I'm more interested as to when, not if, 43 will "nuke" whoever fails to take advantage of the offer the USA has made them. Israel fully accepted this offer.
That leaves Iran and Syria. Lebanon is a hapless pawn in the game. The only possible deterrents are China and Russia.

It would be wonderful if the dialogue statement made by the Lawrence of Arabia character in the movie Lawrence of Arabia,
"So long as the Arabs fight tribe against tribe, so long will they be a little people; a silly people; greedy, barbarous and cruel!", were true.
It may have been at one time. This fictional statement was made about water wells and access rights. Oil has more power to corrupt absolutely.
My Persian friends had high respect for Saddam Hussein. They said he was a very smart man. They also admitted his flaws but pointed out Saddam did
not live in the USA. The rules are different. Iraq under Saddam did provide an undesirable but effective buffer to Iran and Syria.

2:26 AM  
Anonymous Anonymous said...

To me, this seem to be an example of Argyris-styled single-loop learning where double-loop learning obviously is called for.

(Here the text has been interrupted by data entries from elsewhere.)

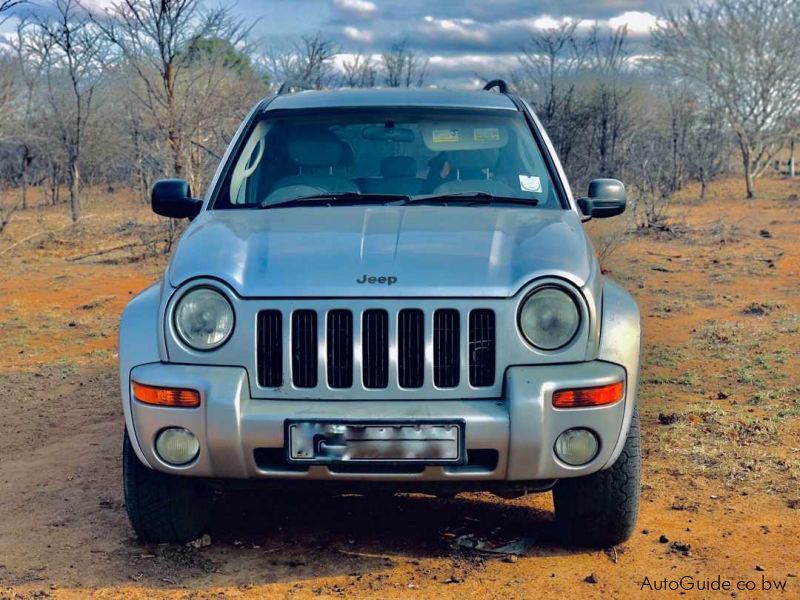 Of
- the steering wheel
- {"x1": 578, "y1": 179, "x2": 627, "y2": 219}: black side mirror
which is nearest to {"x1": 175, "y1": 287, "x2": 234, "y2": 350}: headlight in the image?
the steering wheel

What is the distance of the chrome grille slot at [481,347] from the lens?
125 inches

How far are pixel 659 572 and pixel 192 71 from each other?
13.2 meters

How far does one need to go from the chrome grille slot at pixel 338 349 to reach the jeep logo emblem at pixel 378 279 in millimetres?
124

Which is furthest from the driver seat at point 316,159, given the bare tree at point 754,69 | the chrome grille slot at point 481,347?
the bare tree at point 754,69

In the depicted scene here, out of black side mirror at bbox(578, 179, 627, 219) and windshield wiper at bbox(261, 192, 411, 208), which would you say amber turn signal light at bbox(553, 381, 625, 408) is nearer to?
windshield wiper at bbox(261, 192, 411, 208)

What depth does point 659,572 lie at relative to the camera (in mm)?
3455

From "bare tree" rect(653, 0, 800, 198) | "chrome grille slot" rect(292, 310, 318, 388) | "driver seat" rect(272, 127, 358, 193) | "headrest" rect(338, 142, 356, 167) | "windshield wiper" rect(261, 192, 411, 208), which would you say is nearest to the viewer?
"chrome grille slot" rect(292, 310, 318, 388)

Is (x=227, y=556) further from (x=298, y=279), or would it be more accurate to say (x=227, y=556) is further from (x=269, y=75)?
(x=269, y=75)

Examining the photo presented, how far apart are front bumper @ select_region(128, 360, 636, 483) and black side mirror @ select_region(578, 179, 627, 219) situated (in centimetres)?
135

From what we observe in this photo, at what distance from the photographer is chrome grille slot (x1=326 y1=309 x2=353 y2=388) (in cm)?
319

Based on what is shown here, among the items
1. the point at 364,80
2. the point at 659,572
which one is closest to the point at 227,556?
the point at 659,572

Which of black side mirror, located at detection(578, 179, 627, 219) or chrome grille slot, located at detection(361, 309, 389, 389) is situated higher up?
black side mirror, located at detection(578, 179, 627, 219)

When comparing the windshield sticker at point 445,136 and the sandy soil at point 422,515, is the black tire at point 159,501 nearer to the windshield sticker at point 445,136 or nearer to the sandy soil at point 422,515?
the sandy soil at point 422,515

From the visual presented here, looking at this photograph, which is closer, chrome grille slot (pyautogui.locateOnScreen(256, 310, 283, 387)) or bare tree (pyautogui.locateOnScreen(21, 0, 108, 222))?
chrome grille slot (pyautogui.locateOnScreen(256, 310, 283, 387))
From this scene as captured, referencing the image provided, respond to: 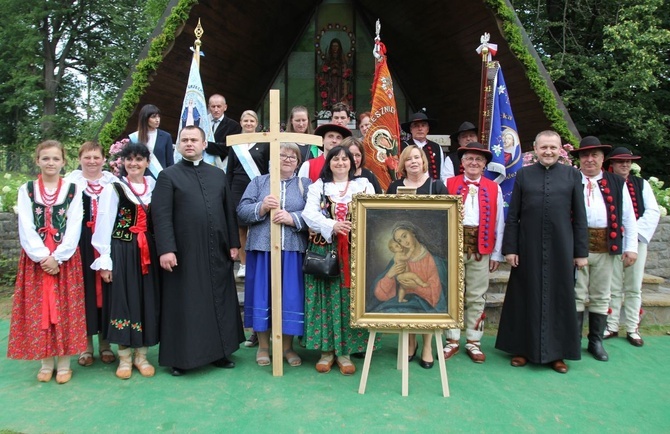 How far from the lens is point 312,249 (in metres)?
3.79

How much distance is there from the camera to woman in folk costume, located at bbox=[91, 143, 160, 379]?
3656mm

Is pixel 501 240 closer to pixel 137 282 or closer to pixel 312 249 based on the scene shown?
pixel 312 249

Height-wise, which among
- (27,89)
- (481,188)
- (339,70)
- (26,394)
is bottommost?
(26,394)

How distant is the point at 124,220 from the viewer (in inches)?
147

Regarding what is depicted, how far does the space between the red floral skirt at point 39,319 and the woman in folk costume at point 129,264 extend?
23cm

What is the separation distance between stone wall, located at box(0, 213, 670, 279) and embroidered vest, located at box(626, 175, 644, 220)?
106 inches

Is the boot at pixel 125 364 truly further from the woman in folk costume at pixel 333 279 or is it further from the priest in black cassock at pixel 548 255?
the priest in black cassock at pixel 548 255

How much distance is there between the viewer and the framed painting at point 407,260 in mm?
3348

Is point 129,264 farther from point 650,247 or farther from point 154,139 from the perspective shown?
point 650,247

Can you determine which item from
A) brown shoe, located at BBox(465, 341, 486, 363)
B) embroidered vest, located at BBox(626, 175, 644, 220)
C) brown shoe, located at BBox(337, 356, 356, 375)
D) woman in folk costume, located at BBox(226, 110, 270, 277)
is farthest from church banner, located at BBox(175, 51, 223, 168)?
embroidered vest, located at BBox(626, 175, 644, 220)

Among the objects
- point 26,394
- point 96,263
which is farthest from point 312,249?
point 26,394

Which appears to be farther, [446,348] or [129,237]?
[446,348]

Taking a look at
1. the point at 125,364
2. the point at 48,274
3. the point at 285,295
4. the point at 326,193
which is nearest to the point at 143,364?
the point at 125,364

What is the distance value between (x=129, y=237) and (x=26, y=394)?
1305 mm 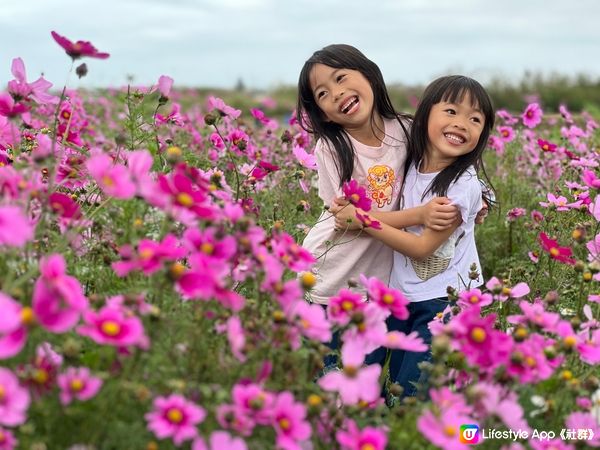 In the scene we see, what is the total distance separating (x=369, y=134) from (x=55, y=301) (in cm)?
175

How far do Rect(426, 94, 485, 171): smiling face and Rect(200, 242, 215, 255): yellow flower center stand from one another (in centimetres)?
136

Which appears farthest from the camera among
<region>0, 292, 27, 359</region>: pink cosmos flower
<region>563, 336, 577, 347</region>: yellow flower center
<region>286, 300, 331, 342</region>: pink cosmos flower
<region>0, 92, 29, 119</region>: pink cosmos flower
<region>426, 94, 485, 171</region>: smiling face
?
<region>426, 94, 485, 171</region>: smiling face

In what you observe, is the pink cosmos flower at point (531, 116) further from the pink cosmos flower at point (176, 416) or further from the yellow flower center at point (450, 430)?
the pink cosmos flower at point (176, 416)

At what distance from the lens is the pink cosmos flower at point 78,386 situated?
1380mm

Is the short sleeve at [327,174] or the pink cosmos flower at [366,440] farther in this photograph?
A: the short sleeve at [327,174]

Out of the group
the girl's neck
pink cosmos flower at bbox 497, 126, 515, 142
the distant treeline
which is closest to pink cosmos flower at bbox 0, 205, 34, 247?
the girl's neck

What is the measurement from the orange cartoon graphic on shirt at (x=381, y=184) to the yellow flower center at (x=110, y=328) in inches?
61.1

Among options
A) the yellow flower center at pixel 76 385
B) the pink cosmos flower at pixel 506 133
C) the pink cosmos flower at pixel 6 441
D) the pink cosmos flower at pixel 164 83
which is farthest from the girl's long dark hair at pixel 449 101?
the pink cosmos flower at pixel 506 133

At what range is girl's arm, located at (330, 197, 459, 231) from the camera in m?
2.54

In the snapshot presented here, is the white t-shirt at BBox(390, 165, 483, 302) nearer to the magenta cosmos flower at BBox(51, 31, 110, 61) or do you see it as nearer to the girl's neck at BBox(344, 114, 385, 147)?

I can't see why Hezbollah and Hamas can be both terrorists and freedom fighters at the same time. Contrary to 'axis-of-evil' rhetoric, the world isn't black and white. To civilians on both sides, do you think there's a major difference between the terror caused by Katyusha rockets and the terror caused by US-provided cluster munitions?

Further polarizing the issues only serves the extremists on both sides.

8:14 AM  
Blogger ITscout said...

Everyone on the receiving end of military violence experiences terror. Isn't the real question, though, why were the rockets and bombs fired in the first place?

In hindsight, the latest Hezbollah-Israeli conflict appears, more or less, to have been a proxy war fought between Iran and the U.S. The Iranians seem to be trying to push Washington's buttons. Meanwhile, the Americans seem as if they wanted to see if Iranian-designed bunkers and missiles could be taken out through an air war-only campaign. Unfortunately, after all was said and done, countless hundreds died and thousands more were subjected to the horrifying terror of war.

Is the 'axis of evil' rhetoric black and white? I don't know. All I can say is that the rhetoric coming out of Iran, as well as North Korea, is a lot scarier than anything I ever heard while growing up during the Cold War. Iran's threat to wipe Israel off the map seems to be more reminiscent of Hitler's final solution than Krushchev's "we will bury you" quote. The biggest difference between present day Iran and Nazi Germany is capability. Heaven help us if the Iranians ever indeed do develop a nuclear bomb.

1:18 PM  
Blogger Chris Loosley said...

Pro-Israel rhetoric that decries anti-Israel rhetoric is not very convincing. But it is revealing. It illustrates how otherwise rational people can get sucked into these kinds of fights, and not even realize that they are actually part of the problem.

As a result, a peaceful solution is hard to find. As in Northern Ireland, the people who live there will just have to get tired of being killed, and refuse to participate in the killing. Ignoring all outsiders who tell them they have right on their side might be a small start.